Question

Minimum distance between the curves ${{y}^{2}}=x-1$ and ${{x}^{2}}=y-1$ is equal to :
(a) $\dfrac{3\sqrt{2}}{4}$
(b) $\dfrac{5\sqrt{2}}{4}$
(c) $\dfrac{7\sqrt{2}}{4}$
(d) $\dfrac{\sqrt{2}}{4}$

Answer 1

Hint: Here, we will first draw the curves and then we will find the shortest distance between them. If the curves are intersecting then obviously the shortest distance between them is zero. If they are not intersecting then we will find the points on the curves which corresponds to nearest distance and then calculate the distance using the distance formula which states that distance between two points (a, b) and (c, d) is given as $d=\sqrt{{{\left( a-c \right)}^{2}}+{{\left( b-d \right)}^{2}}}$ .

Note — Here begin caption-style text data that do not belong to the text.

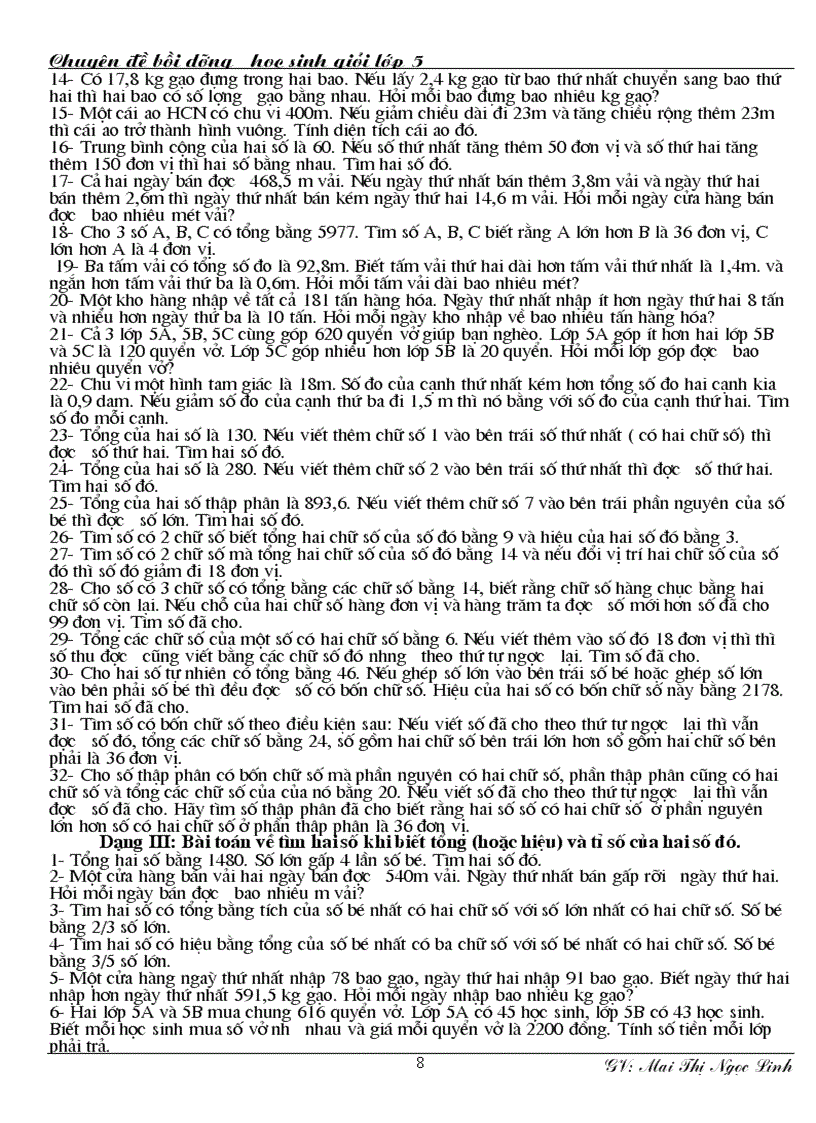 image for page Tieng viet lop 4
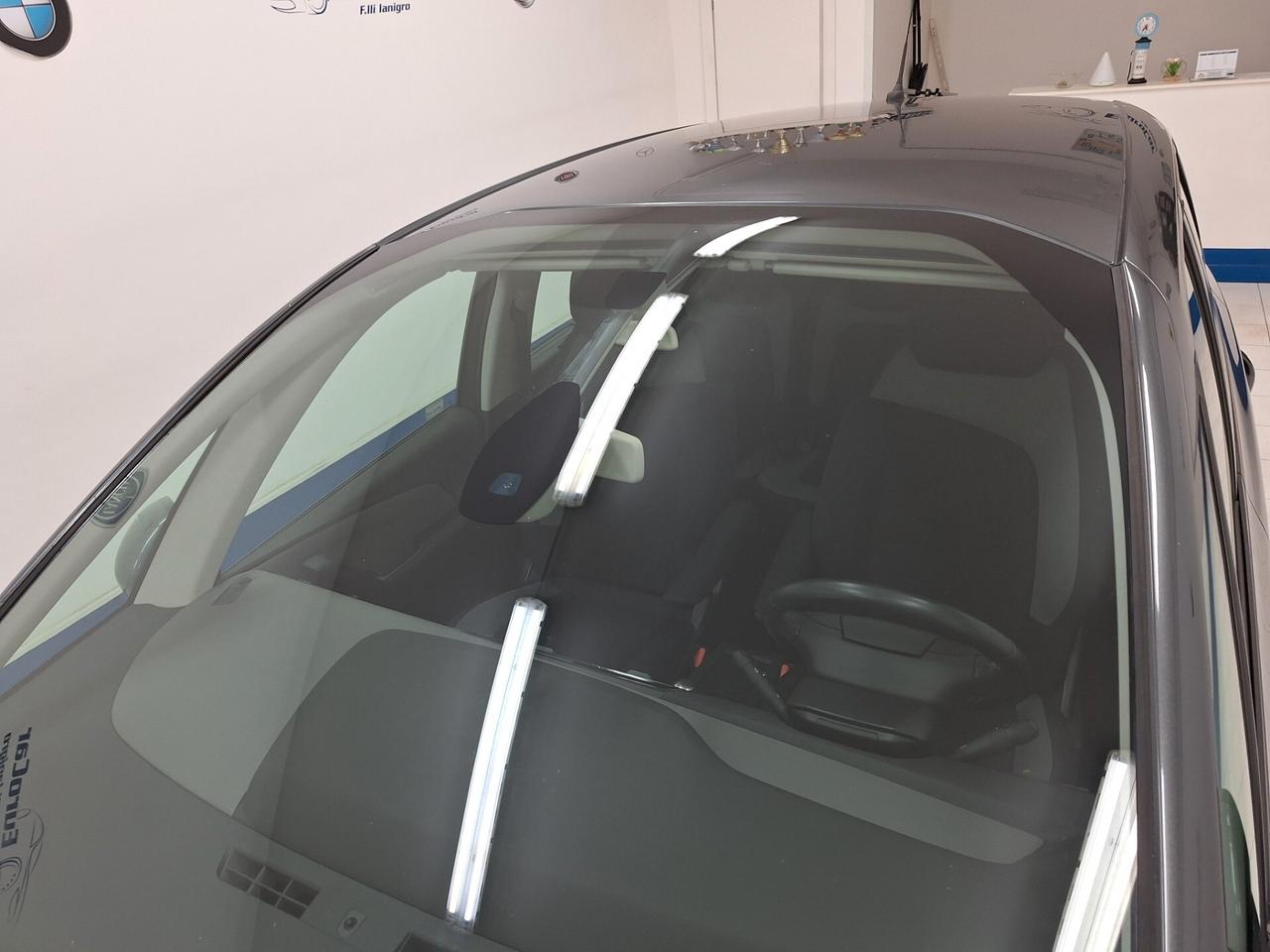 Citroen C4 Picasso 1.6 e-HDi 115cv Shine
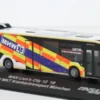 Rietze MAN Lion s City 12, 2018, GRTW MKT Krankentransport München, 1:87, Online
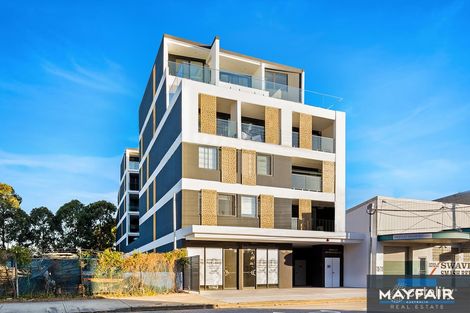 Property photo of 15/702-704 Canterbury Road Belmore NSW 2192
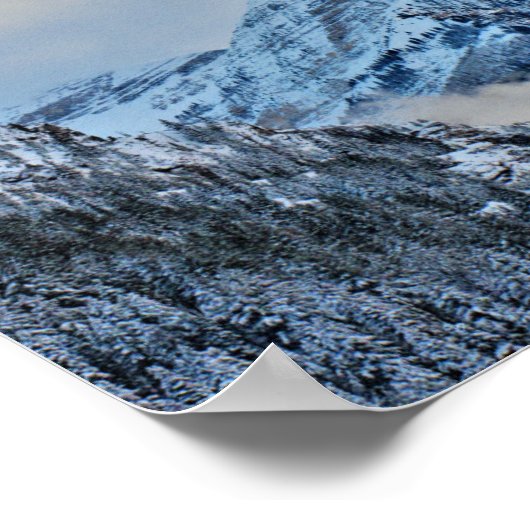 Timpanogos Winter 2019 Poster (Hoek)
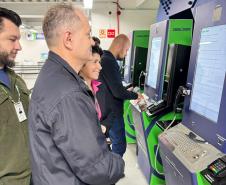 Cohapar oferta serviços e atendimento para cadastros no Poupatempo Paraná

Complete step-by-step answer:

The curves given here are:

${{y}^{2}}=x-1$ and ${{x}^{2}}=y-1$

Both of the curves given here are symmetric about the origin. Thus the curves are symmetrical along the line y = x, that is one curve is the mirror image of the other curve along this line.

Now the shortest distance between the two curves is along the common normal to both the curves . The common normal of two non-intersecting curves is a line perpendicular to both the curves . So, the common normal is perpendicular to y = x.

The points on the curve which corresponds to the shortest distance between the curves will have the slope of their tangent equal to that of the line y =x. That is, if tangents are drawn at points corresponding to the shortest distance then these tangents will have a slope equal to 1.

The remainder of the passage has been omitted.